Attempts to block extremist material online will always fail despite a British counter-terrorism unit taking down more than 100 web pages a day, a think tank has warned.
The terrorist material reappears on the Internet as quickly as it is banished and the policy risks driving fanatics on to the “dark web” where they are even harder to track, according to the Quilliam Foundation.
It warned that censorship and filtering tactics are ineffective and that openly challenging the material is likely to have a greater impact.
The report said despite concerns over fanatics radicalising themselves online, most vulnerable people are still targeted offline first and the Internet is only a “secondary socialiser”.
Greater efforts are needed to combat radicalisation in schools, universities and prisons, it concluded.
Figures show the Government’s Counter-Terrorism Internet Referral Unit has removed 65,000 items rom the Internet that “encouraged or glorified acts of terrorism”, including 46,000 since December last year.
Some 70 per cent of that content related to Isil, Syria and Iraq.
Separate figures suggest terrorists involved in at least seven of the ten major plots foiled in the UK since 2010 had access to Inspire — the banned online terror magazine published by al-Qaeda.
But the Quilliam report, which examined the effectiveness of the Government’s counter-radicalisation Prevent programme, found efforts to tackle online fanatics are unlikely to succeed.
“Negative measures, including Government-backed censorship and filtering initiatives, are ineffective in tackling online extremism, tackling the symptoms rather than the causes of radicalisation,” it said.

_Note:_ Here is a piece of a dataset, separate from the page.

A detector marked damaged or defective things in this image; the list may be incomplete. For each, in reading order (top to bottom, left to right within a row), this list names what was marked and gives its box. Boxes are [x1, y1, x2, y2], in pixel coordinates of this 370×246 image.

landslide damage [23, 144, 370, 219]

“Motivated extremists and terrorist affiliates can evade such measures easily through the dark net and virtual private networks.
“Blocked materials consistently reappear online and there is no effective way for ISPs (Internet service providers) or social media companies to filter extremist content.”
It comes amid a growing row over the responsibilities of Internet companies to help curb extremism online and those who exploit their platforms to radicalise and spread hatred.
In November, Robert Hannigan, the new director of GCHQ, warned that some Internet services had become “the command and control networks of choice” for terrorists and criminals but that the companies were “in denial”.
Later that month, Facebook came under attack after a report in to the murder of soldier Lee Rigby by Islamist fanatics.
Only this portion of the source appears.